■ **TASK TO COMPLETE**
From the data below, set down exactly the lines between the one holding "Used Land Rover" and the one holding "Gevel aan de Spaarndammerstraat in Amsterdam", inclusive, and no others.

■ **EXERCISE MATERIALS**
━━━━━━
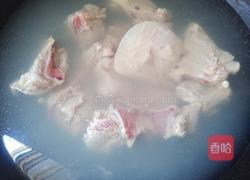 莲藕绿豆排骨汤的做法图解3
━━━━━━
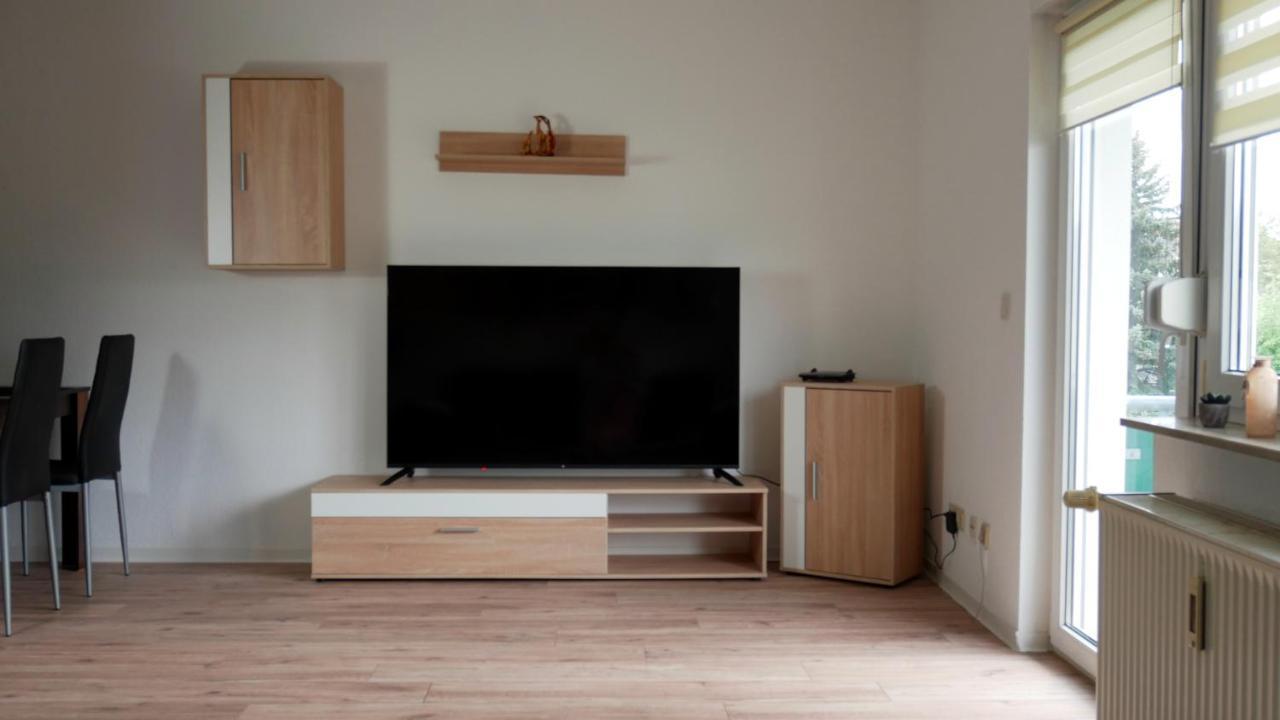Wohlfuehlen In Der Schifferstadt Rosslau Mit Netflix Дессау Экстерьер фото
━━━━━━
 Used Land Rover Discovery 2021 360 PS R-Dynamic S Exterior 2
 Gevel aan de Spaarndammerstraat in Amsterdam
━━━━━━
■ **EXERCISE OUTPUT**
 Used Land Rover Discovery 2021 360 PS R-Dynamic S Exterior 2
 Gevel aan de Spaarndammerstraat in Amsterdam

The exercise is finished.